Bollywood Has Embraced Content Cinema

Badhaai Ho - Bollywood Movie Poster

There’s Hindi cinema with content, and then there’s ‘candy floss’ entertainment bereft of sanity & imagination. ‘Content’ is what connects you emotionally with the characters and keeps you glued to the screen, it subsumes your inner desires & notions by presenting a totally different perspective. Although, content is considered hard to be digested by the audience & hence is assumed to only reach a certain class of moviegoers. In Bollywood where brilliant scripts have turned out to be virtual duds because the film lacked technique or the filmmakers handled the idea shoddily it failed to make an impression. While on the other hand, stories that have been picturised a million times previously generated more interest at the box office because the content got a different context to thrive. Take the case of Marathi film Sairaat which set the box office rolling as a prime example of content that struck a chord with the audiences with its nuanced acting and music, despite being a story about teenage love and patrimonial furore being rehashed several times in countless movies. Content requires a conscientious effort in juggling the myriad dots in designing a vision that enthrals the audiences through its characters & script while the actors fade in the veneer of the narrative.

For ages, Bollywood had categorized movies with content as ‘art cinema’. For example, in the 80s, actors of the likes of Farooque Sheikh, Naseeruddin Shah, Shabana Azmi, and Smita Patil, delivered methodical performances in movies such as Bazaar, Paar, Arth, and Chakra, bringing cerebral content and realism to mainstream masses, winning accolades, but still being perceived as ‘parallel cinema’ actors and not getting their dues at the box office. In contrast, commercial cinema focussed on masala content and relied heavily on the stars to churn ‘candy floss’, run-of-the-mill plots to set the cash registers ringing, also winning awards. Thus, box office performances regardless of the content value of the movie became the norm for success, provoking producers to pour capital into promotions with the sole aim of pulling herds of spectators into theatres, and this trend has continued even today with weekend runs at multiplexes. Now, with the recent face-off between Thugs of Hindostan (TOH) and Badhaai Ho that demarcation of the two worlds of cinema fraternities is surely getting blurred and content seems to be taking the front seat yet again albeit in a commercial avatar.

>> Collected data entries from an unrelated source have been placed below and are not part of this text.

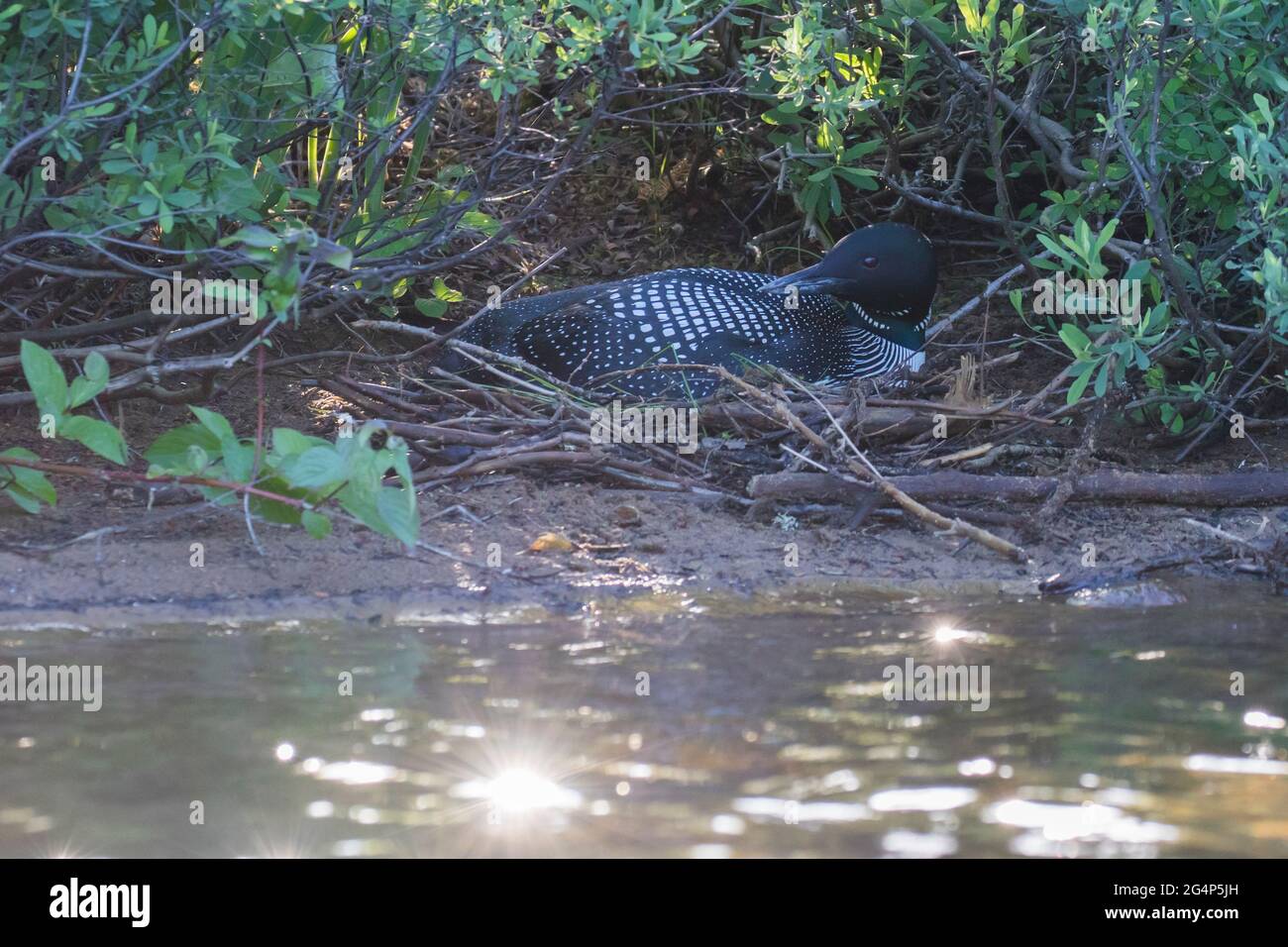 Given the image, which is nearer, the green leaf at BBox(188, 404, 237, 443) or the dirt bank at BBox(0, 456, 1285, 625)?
the green leaf at BBox(188, 404, 237, 443)

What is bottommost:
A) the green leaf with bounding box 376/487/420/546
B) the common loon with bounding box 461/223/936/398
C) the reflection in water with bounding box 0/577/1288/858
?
the reflection in water with bounding box 0/577/1288/858

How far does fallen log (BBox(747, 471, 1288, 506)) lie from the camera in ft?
14.4

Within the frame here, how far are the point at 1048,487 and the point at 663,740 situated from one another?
2097 mm

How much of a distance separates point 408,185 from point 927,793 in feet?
11.7

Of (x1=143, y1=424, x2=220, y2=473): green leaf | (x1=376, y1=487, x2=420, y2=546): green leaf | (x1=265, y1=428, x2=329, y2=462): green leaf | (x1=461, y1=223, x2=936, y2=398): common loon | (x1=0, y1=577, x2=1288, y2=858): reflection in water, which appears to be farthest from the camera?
(x1=461, y1=223, x2=936, y2=398): common loon

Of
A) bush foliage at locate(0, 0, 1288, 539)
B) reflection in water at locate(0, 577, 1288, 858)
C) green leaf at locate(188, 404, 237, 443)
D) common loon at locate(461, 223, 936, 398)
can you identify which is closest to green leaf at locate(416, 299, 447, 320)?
bush foliage at locate(0, 0, 1288, 539)

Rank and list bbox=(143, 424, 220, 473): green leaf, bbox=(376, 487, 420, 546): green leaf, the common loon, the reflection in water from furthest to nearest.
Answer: the common loon < bbox=(143, 424, 220, 473): green leaf < bbox=(376, 487, 420, 546): green leaf < the reflection in water

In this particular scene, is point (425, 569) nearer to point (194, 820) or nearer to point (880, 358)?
point (194, 820)

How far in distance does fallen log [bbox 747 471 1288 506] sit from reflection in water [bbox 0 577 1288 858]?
678 mm

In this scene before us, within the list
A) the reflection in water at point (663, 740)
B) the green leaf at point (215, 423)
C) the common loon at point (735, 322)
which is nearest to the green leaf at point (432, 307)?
the common loon at point (735, 322)

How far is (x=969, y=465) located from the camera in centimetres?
477

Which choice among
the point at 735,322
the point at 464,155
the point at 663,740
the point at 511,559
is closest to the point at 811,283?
the point at 735,322

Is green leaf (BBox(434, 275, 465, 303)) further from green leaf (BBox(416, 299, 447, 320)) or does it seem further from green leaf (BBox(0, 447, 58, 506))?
green leaf (BBox(0, 447, 58, 506))

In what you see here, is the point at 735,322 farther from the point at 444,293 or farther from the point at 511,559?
the point at 511,559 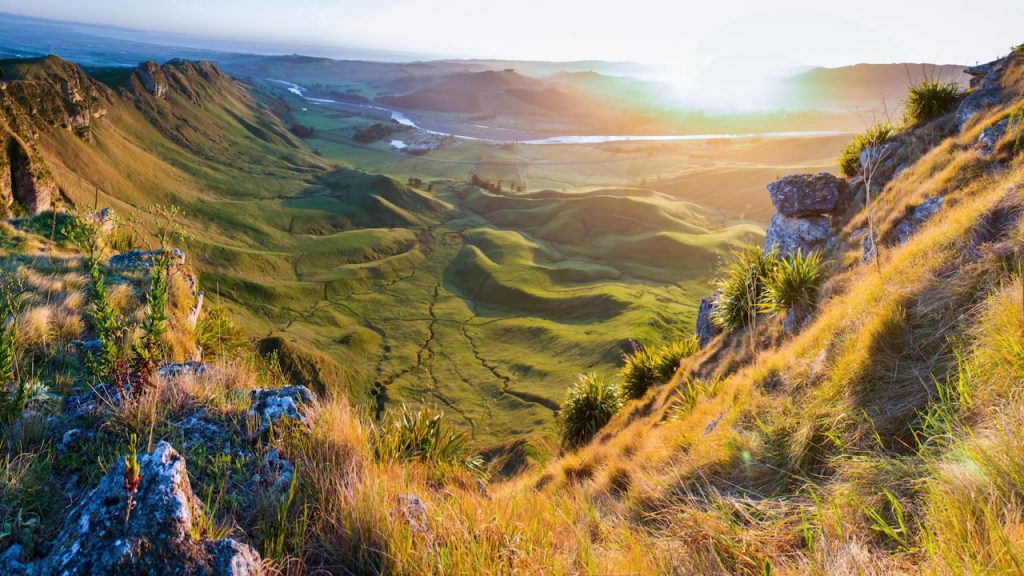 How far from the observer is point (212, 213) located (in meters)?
71.6

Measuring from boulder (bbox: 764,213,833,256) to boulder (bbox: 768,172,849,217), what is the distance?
0.24 meters

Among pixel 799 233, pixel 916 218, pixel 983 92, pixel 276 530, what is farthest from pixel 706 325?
pixel 276 530

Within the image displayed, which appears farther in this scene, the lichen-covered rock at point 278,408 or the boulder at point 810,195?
the boulder at point 810,195

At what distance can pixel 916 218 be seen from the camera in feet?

With an experienced star cast, TOH wasn’t expected to do so badly at the box office, although considering the box office records set by Aamir Khan he’s not only delivered a flop after ages but TOH is heading towards becoming the biggest disaster of 2018. But let that debacle not take the limelight away from a small budget Badhaai Ho, a simple story of believable characters and a drama that’s bereft of ‘candy floss’ and big stars, that is raking in the moolah without the usual Bollywood fanfare. That’s the magic of content cinema which Bollywood must embrace as a template of victory wholeheartedly. In short, content has made a much-needed comeback, and rest assured this time, the actors won’t be consigned to the oblivion and the cinema won’t be called anything but ‘good cinema’.